Regex validation for memo field (client and server side) with few special tags

326 Views Asked by At

Have been going over this problem for two days without any real luck. I am using asp.net webapi2 with jquery ajax on client side.

I have an edit box for entering memo text, allowable characters are ^[©a-zA-Z0-9\u0900-\u097f,\.\s\-\'\"!?\(\)\[\]]+$ and two tags <LineBreak/> and <Link attr="value"/> (may be couple of more attributes in Link tag. The problem is that NO other tags are allowable - which means that even a simple <br/> should be prevented. This negative check is proving to be bit complicated.

Requesting help in formulating regex for javascript on client side and c# based DataAnnotation check on the server side.

2

There are 2 best solutions below

2
On

What you're attempting to do is sanitize user input, however, using JavaScript and Regex is the wrong way to go about it.
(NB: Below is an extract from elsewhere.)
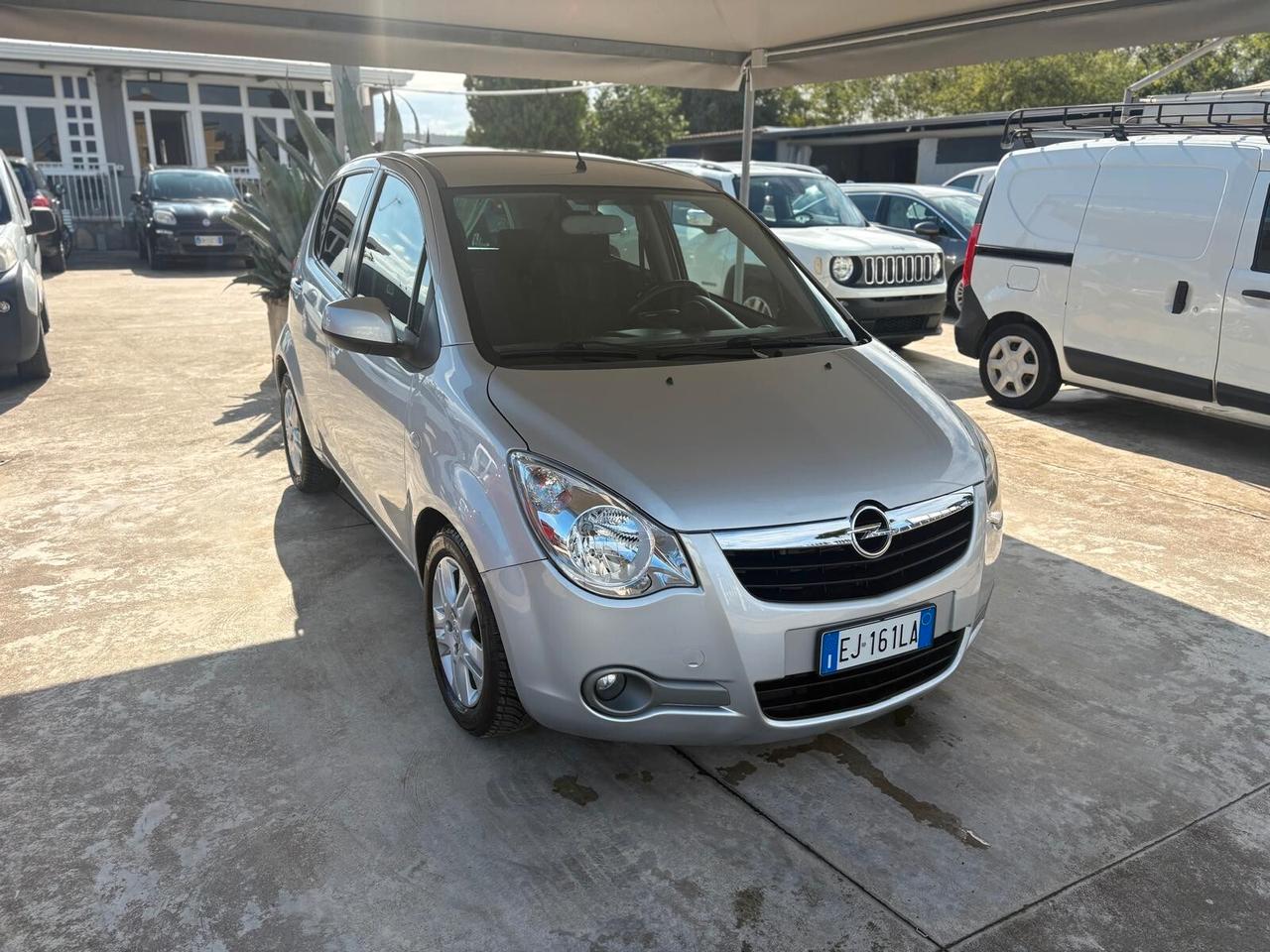 Opel Agila 1.2 16V 94CV Enjoy cambio automatico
Don't concern yourself with validating user input on the front end, at least not yet, the focus should be validating it server side first and the best tool for the job is HtmlSanitizer. In their words:

HtmlSanitizer is a .NET library for cleaning HTML fragments and documents from constructs that can lead to XSS attacks.
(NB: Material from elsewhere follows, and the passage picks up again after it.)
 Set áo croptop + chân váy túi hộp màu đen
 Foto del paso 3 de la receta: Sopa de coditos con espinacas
HtmlSanitizer can be customized at several levels:

  • Configure allowed HTML tags through the property AllowedTags.
  • Configure allowed HTML attributes through the property AllowedAttributes.
  • Configure allowed CSS property names through the property AllowedCssProperties.
  • Configure allowed CSS at-rules through the property AllowedAtRules.
  • Configure allowed URI schemes through the property AllowedSchemes.
  • Configure HTML attributes that contain URIs (such as "src", "href" etc.)
  • Provide a base URI that will be used to resolve relative URIs against.
  • Cancelable events are raised before a tag, attribute, or style is removed.

I've mocked up a demo on dotnetfiddle.net using that library for you to play with

void Main()
{
    var allowedTags = new[]{"LineBreak", "Link"};
    var allowedAttributes = new[]{"attr"};
    var sanitizer = new HtmlSanitizer(allowedTags: allowedTags, allowedAttributes: allowedAttributes);
    //sanitizer.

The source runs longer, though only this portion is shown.